On the 208th anniversary of her birth, we’ve rounded up extracts from some of her most famous poems below.
1. Number 43, Sonnets from the Portugese
Taken from Barrett Browning’s book of 44 sonnets, the opening lines of Number 43 are among the most famous written in the English language
“How do I love thee? Let me count the ways.
I love thee to the depth and breadth and height
My soul can reach, when feeling out of sight
For the ends of Being and ideal Grace.
I love thee to the level of everyday's
Most quiet need, by sun and candlelight.
I love thee freely, as men strive for Right;
I love thee purely, as they turn from Praise.

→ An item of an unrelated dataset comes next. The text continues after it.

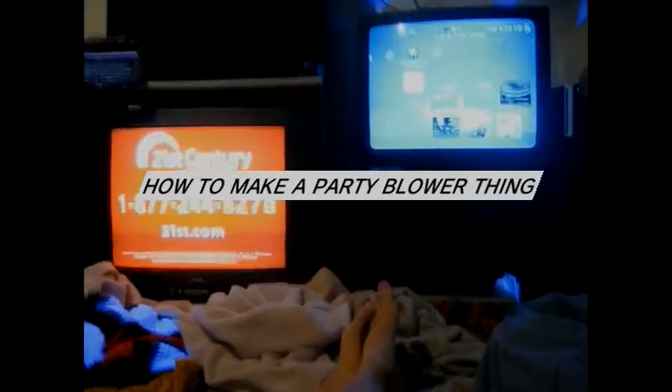Alright guys, I'm going to show you how to make one of those party blower things with just a fruit roll wrapper. It's a long thing. Straighten it out.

I love thee with the passion put to use
In my old griefs, and with my childhood's faith.
I love thee with a love I seemed to lose
With my lost saints,—I love thee with the breath,
Smiles, tears, of all my life!—and, if God choose,
I shall but love thee better after death.”
2. The Cry of the Children
One of Barrett Browning’s poems that expose the conditions of child labour during the Victorian era.
“Alas, the wretched children ! they are seekin
Death in life, as best to have !
They are binding up their hearts away from breaking
With a cerement from the grave.
Go out, children, from the mine and from the city —
Sing out, children, as the little thrushes do —
Pluck you handfuls of the meadow-cowslips pretty
Laugh aloud, to feel your fingers let them through !
But they answer, “ Are your cowslips of the meadows
Like our weeds anear the mine ?
Leave us quiet in the dark of the coal-shadows,
From your pleasures fair and fine!”
3. Aurora Leigh
Barrett Browning’s epic poem touched on a number of themes, including the difficulties Victorian women faced in a world were men were considered to be the superior sex.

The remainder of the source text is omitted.